In their first two seasons in the Regionalliga West, VfL Bochum finished as runners-up. They became champions in their third season, earning promotion to the 2. Bundesliga.

On October 1, 2014, VfL Bochum 1848 announced that it would disband its women's football division at the end of the 2014–15 season to save 120,000 euros annually. This decision was met with sharp criticism from VfL fans. The fan club unserVfL.de stated in an open letter that the board's decision "cannot be reconciled with the values of the club" and accused the board of "trampling on social responsibility." However, on October 20, 2014, an extraordinary general meeting decided to retain the women's football division.

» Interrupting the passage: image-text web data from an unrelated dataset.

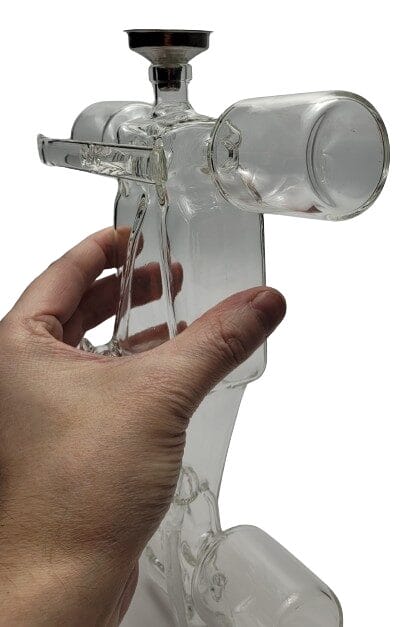 Image shows the decanter with a funnel in the rear area.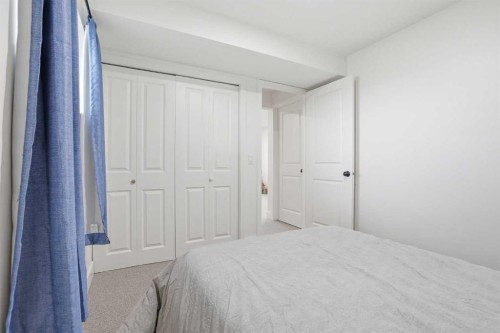 437 Maplewood Se, Diamond Valley, AB - Indoor Photo Showing Bedroom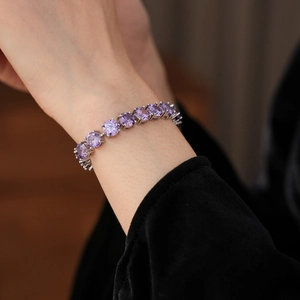 Detail of luxury silver bracelet with round purple cubic zirconia on model's wrist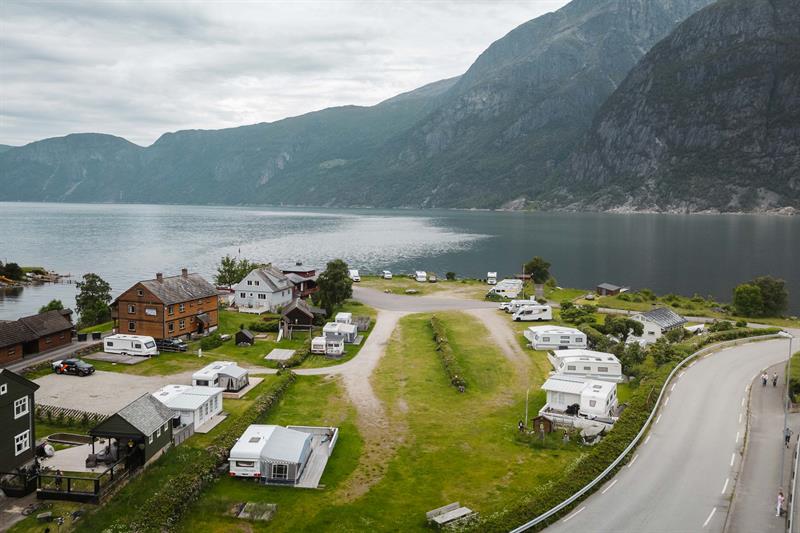 A drone photo og the campground with the fjord and mountains in the background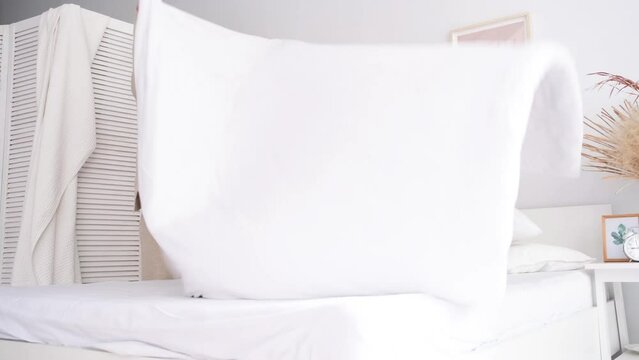 caucasian woman making her bed in the morning. young millennial woman doing her morning routine at the bedroom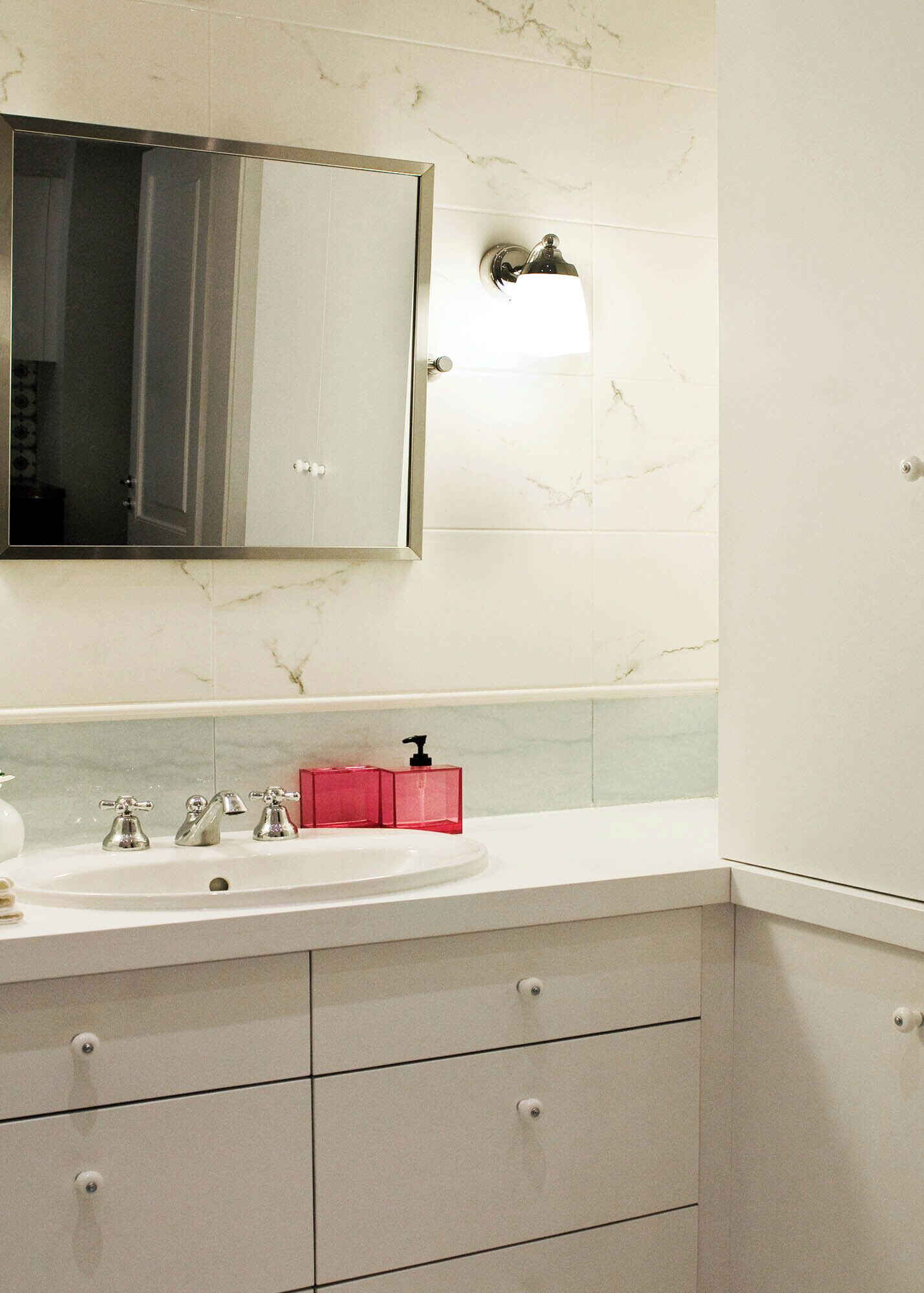 A bathroom with a marble-tiled wall, a white sink with three faucets, a red soap dispenser, and a mirror with a light fixture.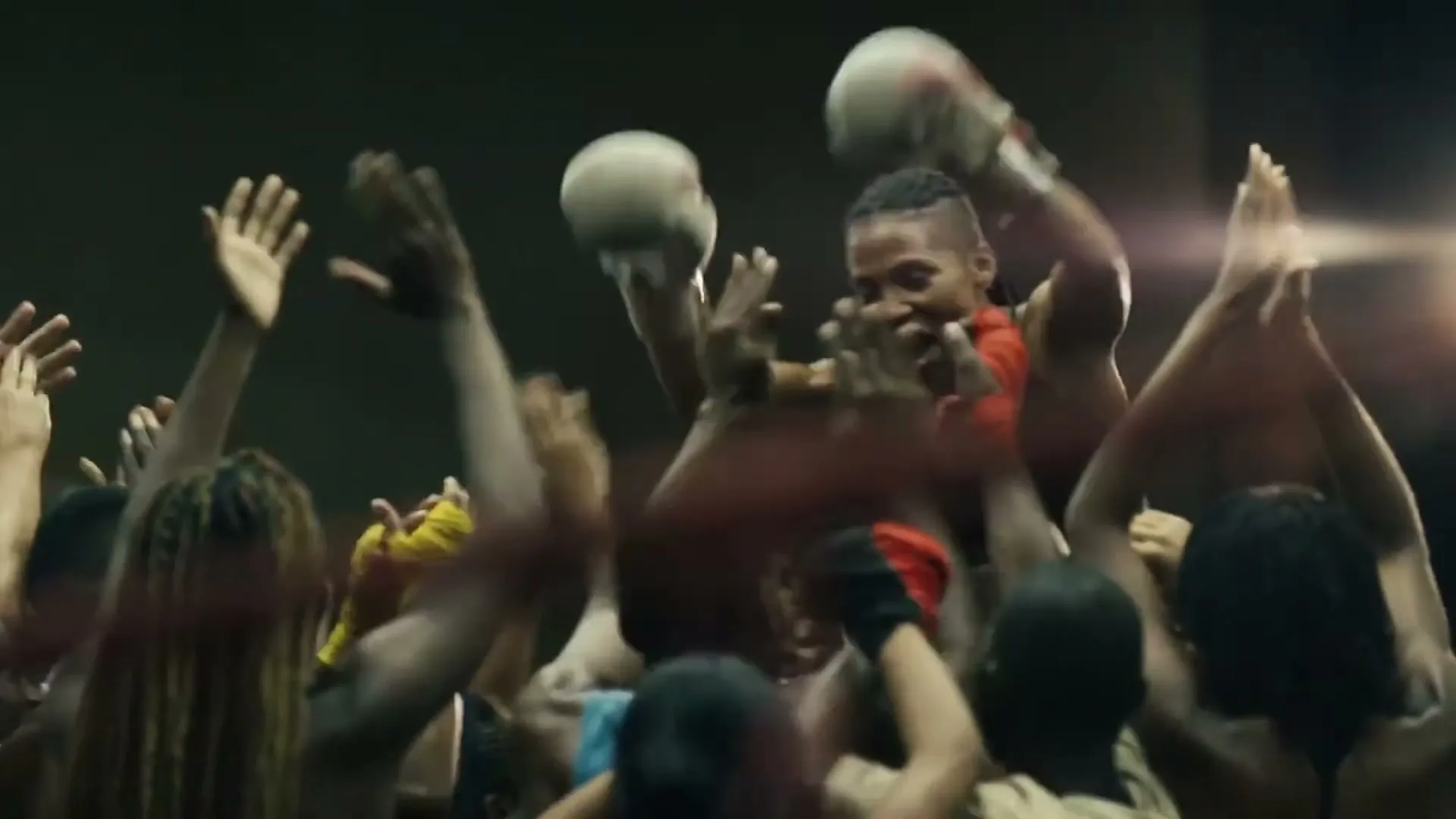 A female boxer with short hair and boxing gloves raises her arms in victory, surrounded by a cheering crowd in a boxing ring.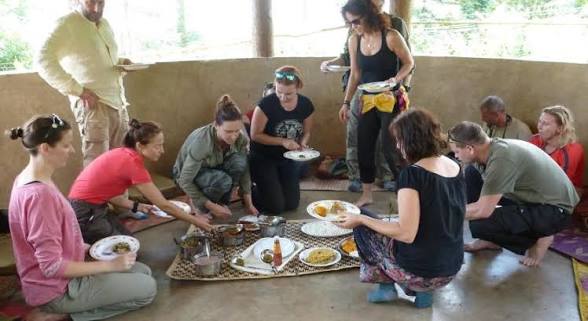 Sharing a traditional meal on a village homestay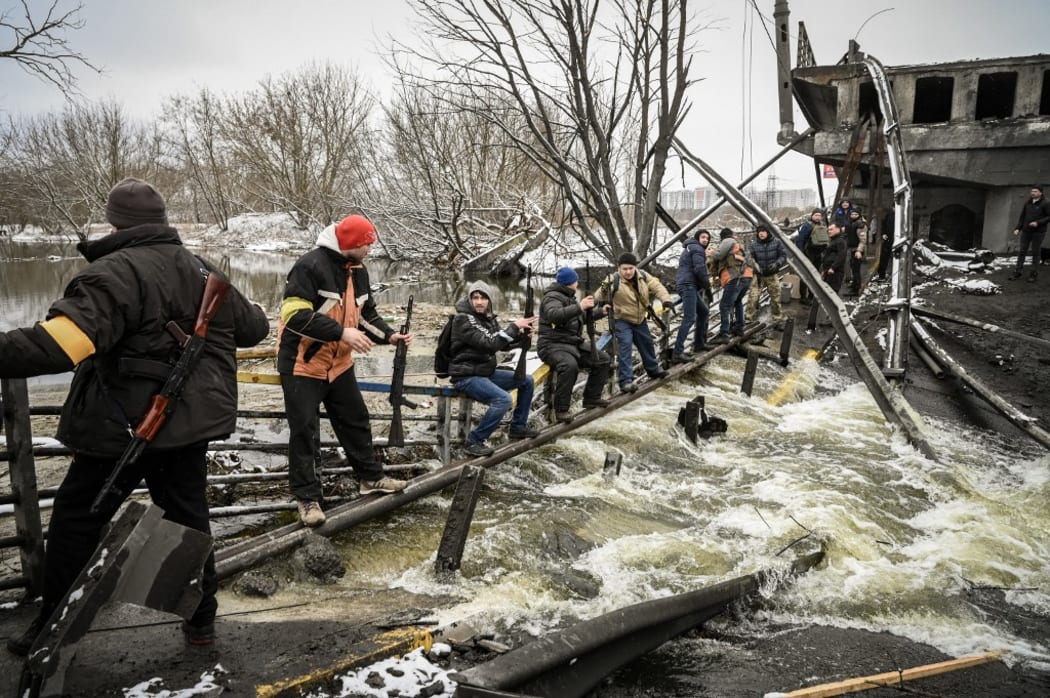 Members of a Ukrainian civil defence unit pass new assault rifles to the opposite side of a blown up bridge on Kyiv's northern front on 1 March, 2022.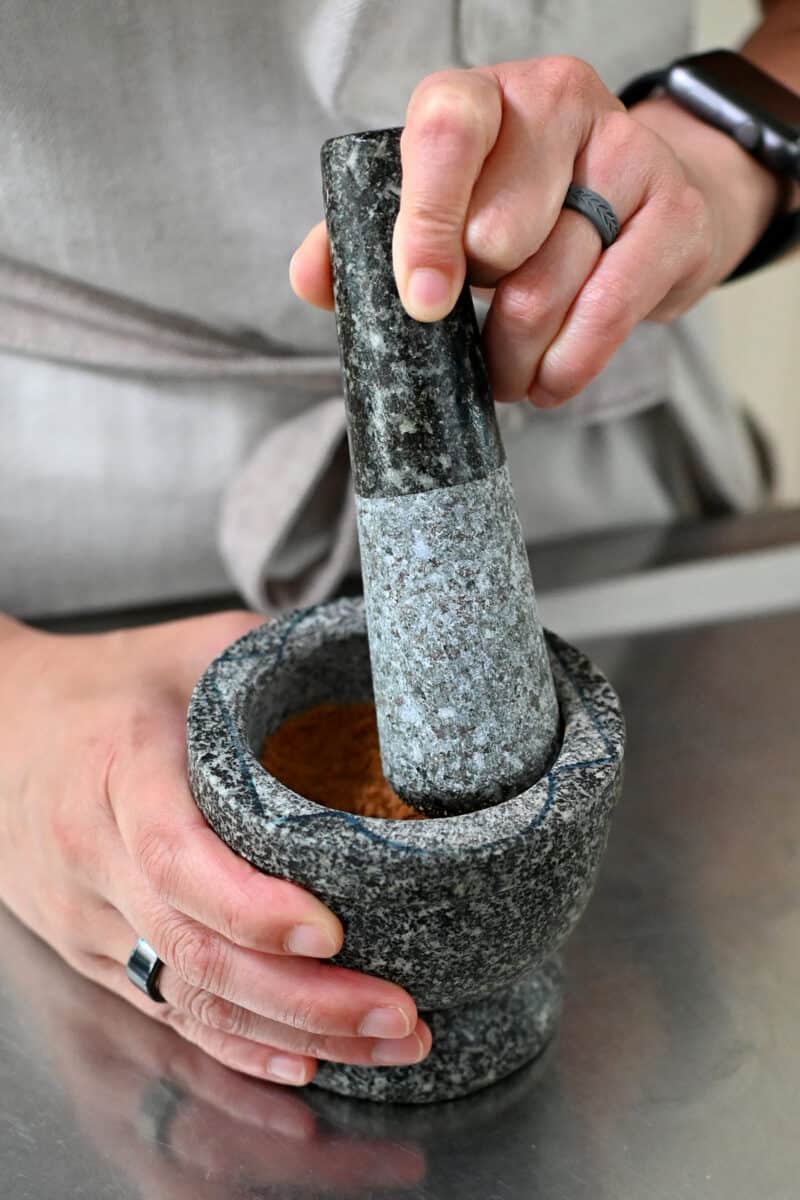 Crushing paleo cookies in a mortar and pestle.
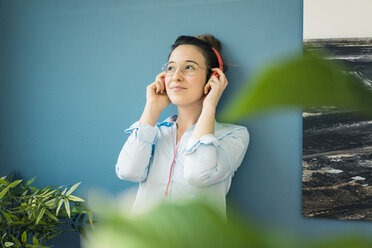 Portrait of smiling woman listening music with headphones - MOEF01035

Despite this, the club withdrew the team from the 2014–15 2. Bundesliga, even though they had a mid-table finish. In the Regionalliga West, VfL Bochum finished as runners-up behind Borussia Bocholt in the 2017–18 season. Since June 20, 2018, the department has had a cooperation with the Swiss club FC Oerlikon Polizei Zürich, which includes an exchange of coaches and players.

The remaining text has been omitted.